There has been a lot of buzz surrounding the Khan Academy recently — whether you’re a fan of the Academy or not, it can’t be denied that people are talking about it. Technapex covered math teachers John Golden and David Coffey’s clever critique of Khan Academy, and Monday another math teacher critiqued Khan Academy on a Washington Post education blog, which you can read here.

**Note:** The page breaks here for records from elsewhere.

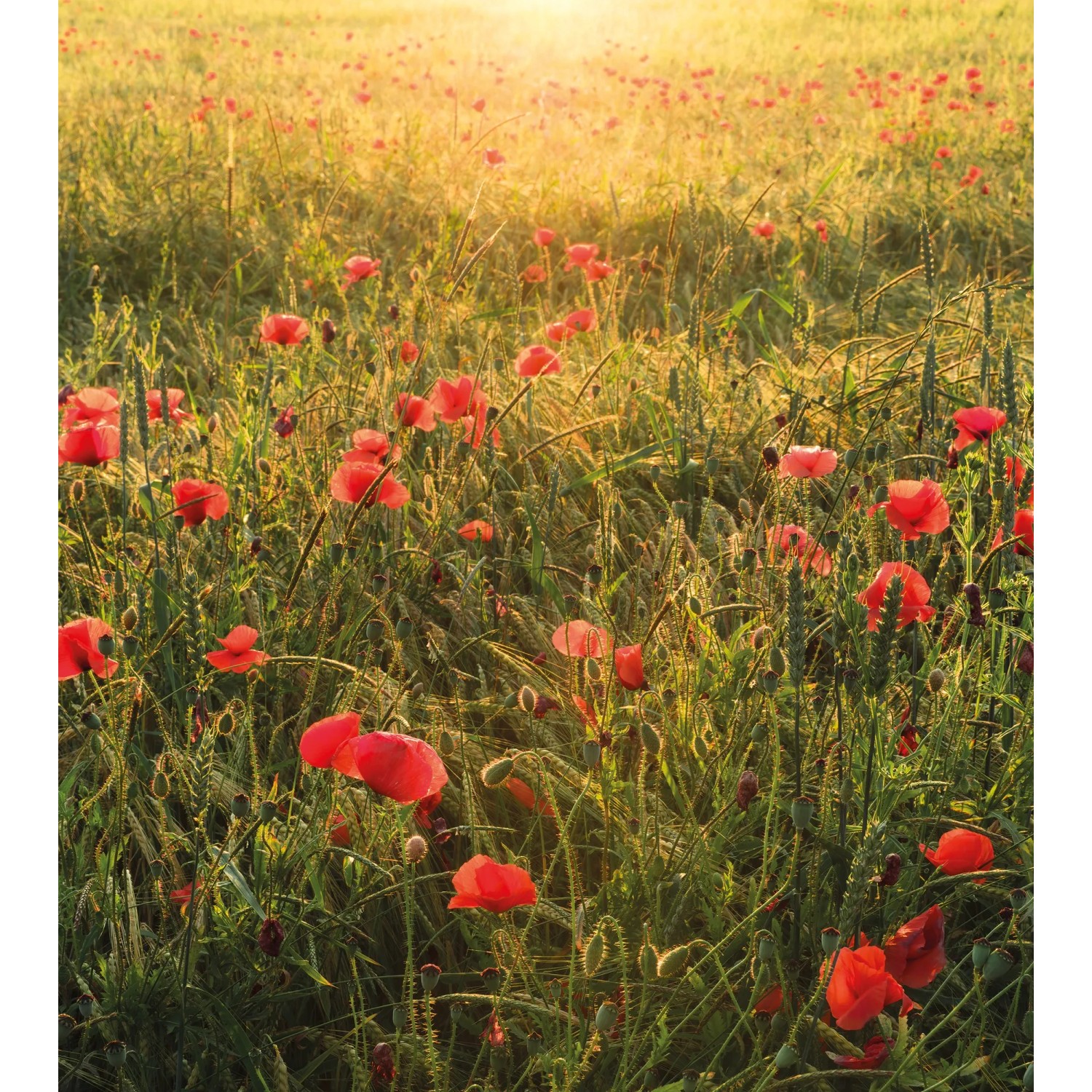Vlies Fototapete Poppy World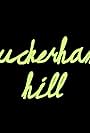 Buckerham Hill (2013)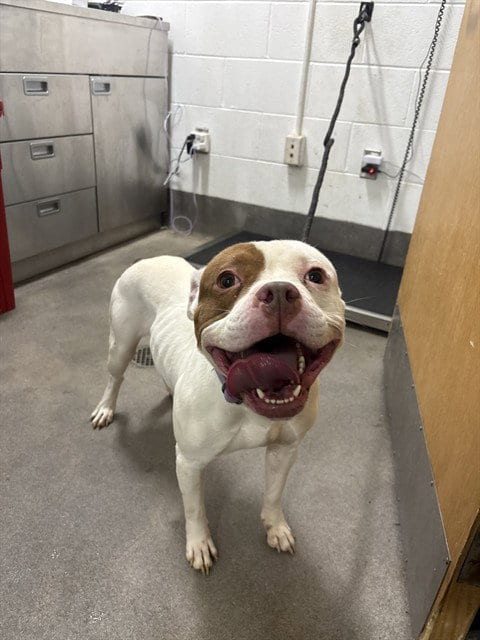 Photo of Diamond, adoptable American Bulldog in Forestville, Maryland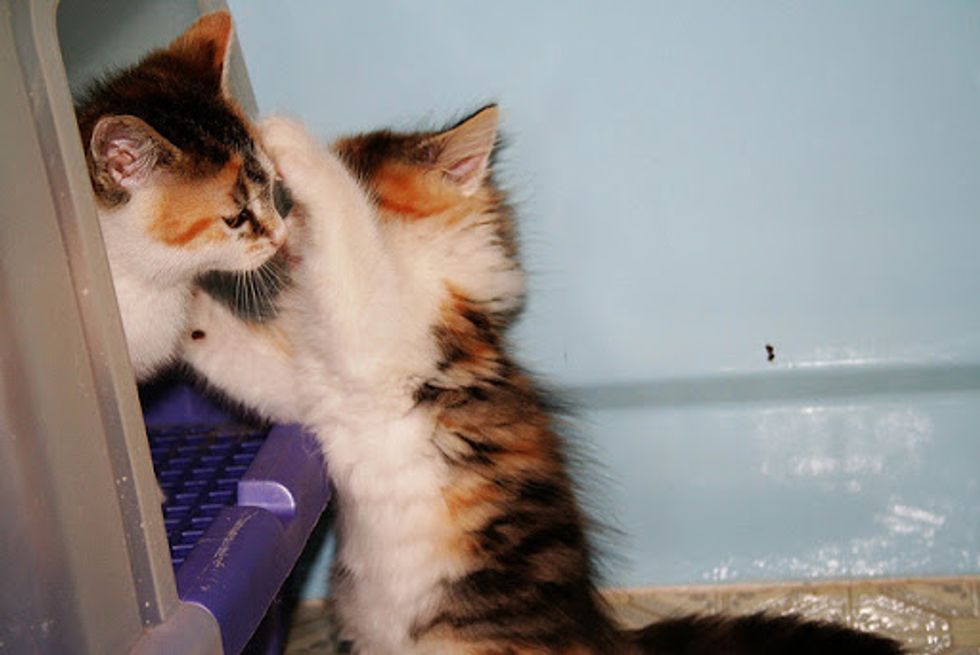 2 Feisty Calico Foster Sisters Love Meow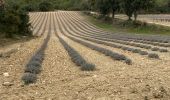 Randonnée Marche Grambois - La Pourraque Beaumont de Pertuis 84 - Photo 1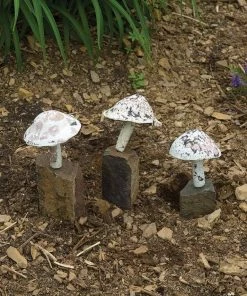 Happy Gardens Little Fungi On Stone Garden Statue Statues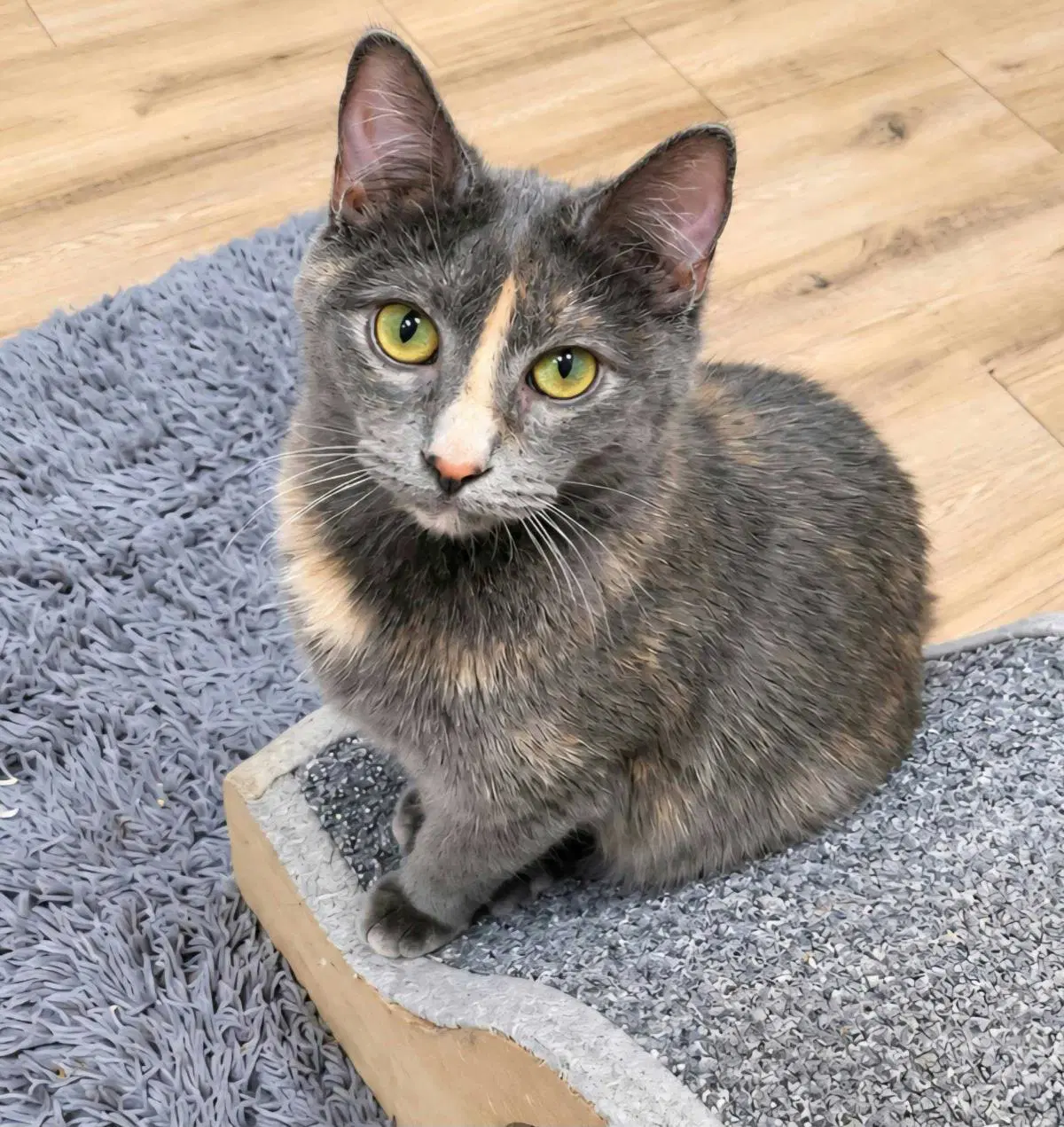 Rava Katze - Domestic Short Hair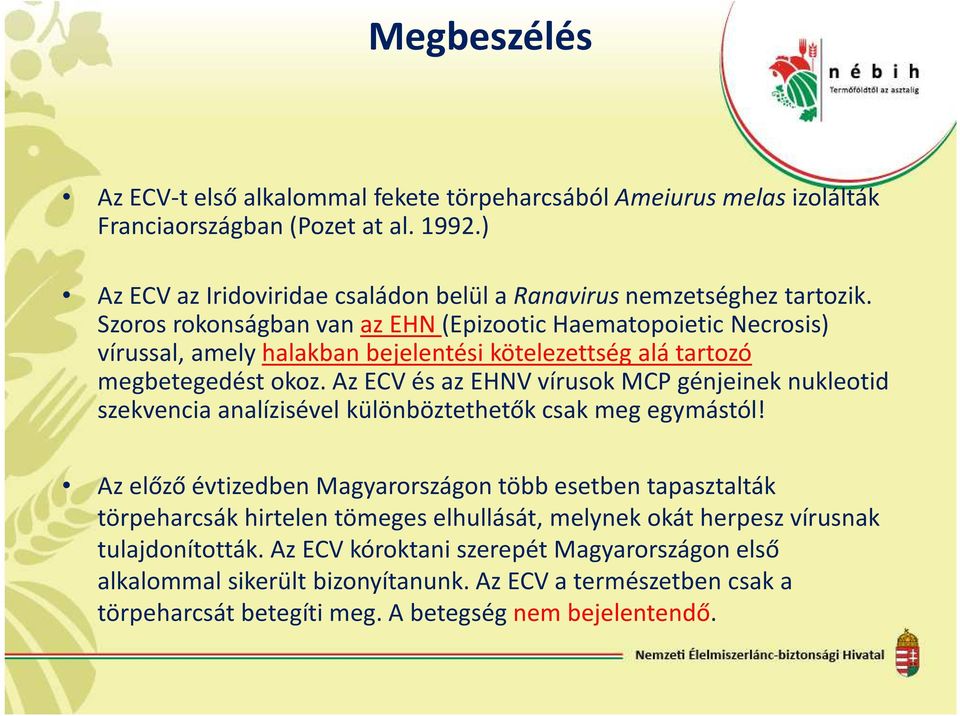 Szoros rokonságban van az EHN (Epizootic Haematopoietic Necrosis) vírussal, amely halakban bejelentési kötelezettség alá tartozó megbetegedést okoz.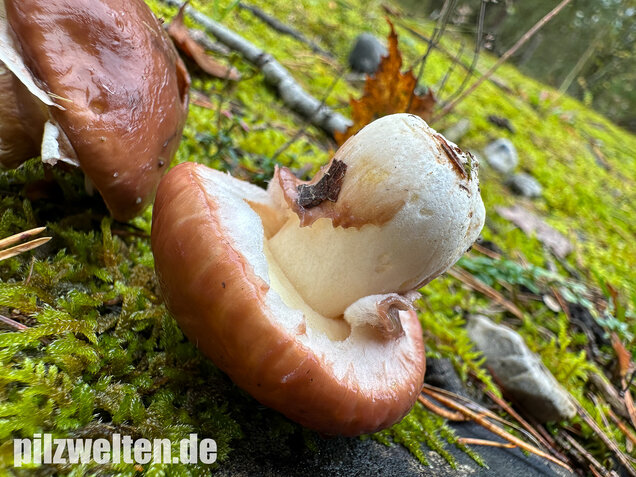 Butterpilz, Butterröhrling, Suillus luteus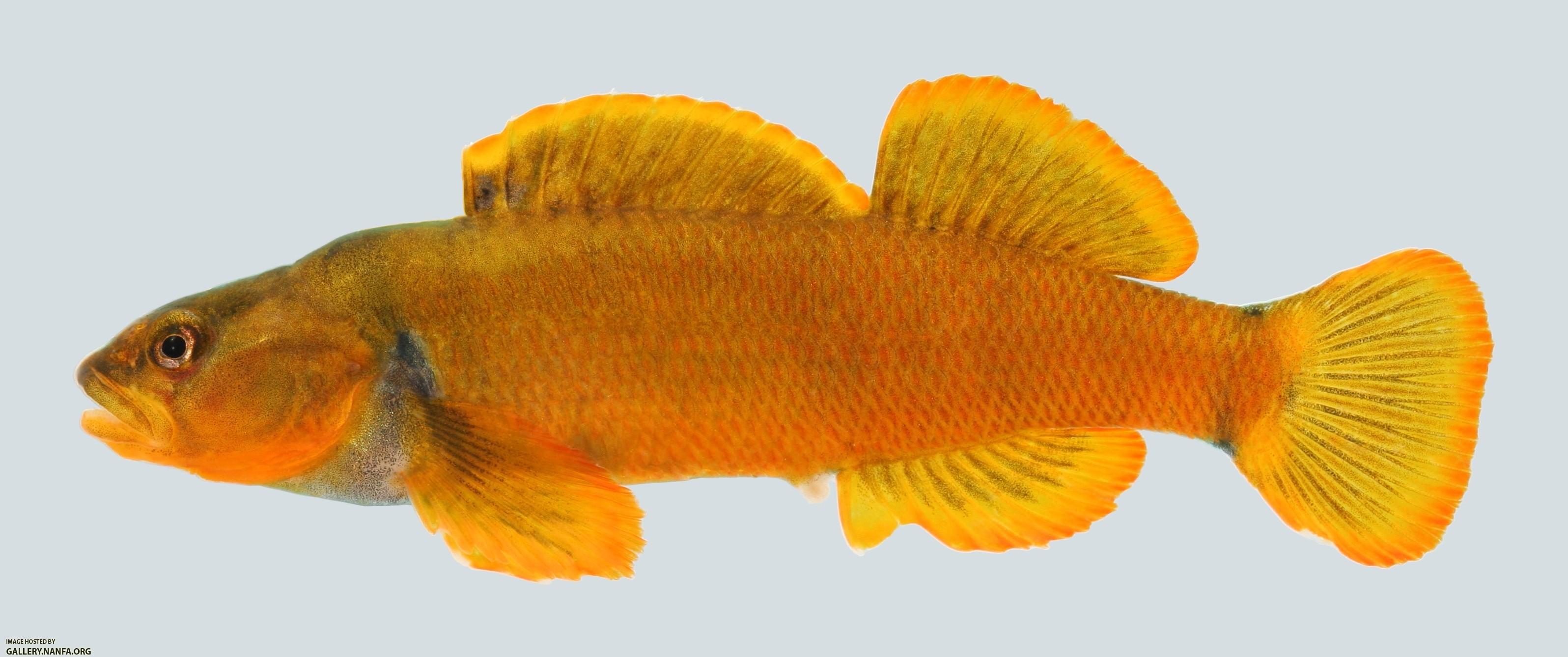 Etheostoma tippecanoe Tippecanoe Darter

Today, Khan responded to the critic in an email to Washington post. Here’s a link to the Washington Post education blog, and below is Khan’s email response to the editor of the blog:
We here at the Khan Academy appreciate a public discourse on education and really encourage as much feedback as possible. We believe that we are in the early days of what we are and feedback will only make that better. I agree with you that no organization should be upheld as a magic bullet for education woes. We have never said that we are a cure-all and think we have a lot to do just to fulfill our potential as a valuable tool for students and teachers. Unfortunately, some of the headlines on articles are more grandiose, but we have no say in this.
In your previous post, you talk about the value of experiential learning versus lecture-based. We agree 100% with you; that is what KA is about too–allowing classrooms to be more interactive and experiential. See this video: http://www.khanacademy.org/talks-and-interviews/v/ideal-math-and-science-class-time.
We are also running project based summer camps.
With that said, there have been some major errors on your blog. In particular, Karim’s corrections are very incorrect (I encourage you to seek out an impartial math professor).
Slope actually is defined as change in y over change in x (or rise over run).
Karim’s definition is actually incorrect. Slope is not just a rate between two variables. It is how the variable plotted on the vertical axis changes with respect to the variable plotted on the horizontal axis (or “rise over run”). For example, if price were on the x-axis and memory on the y-axis, then Karim’s “how the price of an iPod changes as you buy more memory” would not be slope (it would be the inverse).
And, yes, slope is often unit-less (especially when measuring the slope of say the surface of a mountain which is where the whole idea comes from — you are dividing a distance by a distance so the units cancel).
I walk through this in a video at: http://www.youtube.com/watch?v=TNaQJjLAhkI
I also think you might misunderstand our “business model.” Unlike Mathalicious which is for-profit (and if it does well, Karim will become very wealthy), Khan Academy is a 501c3 not-for-profit. I take a salary from it that is approved by the board, but I do not own it (no one does). It can never IPO or be sold. It is a public charity.
Let me know if you’d like to chat further.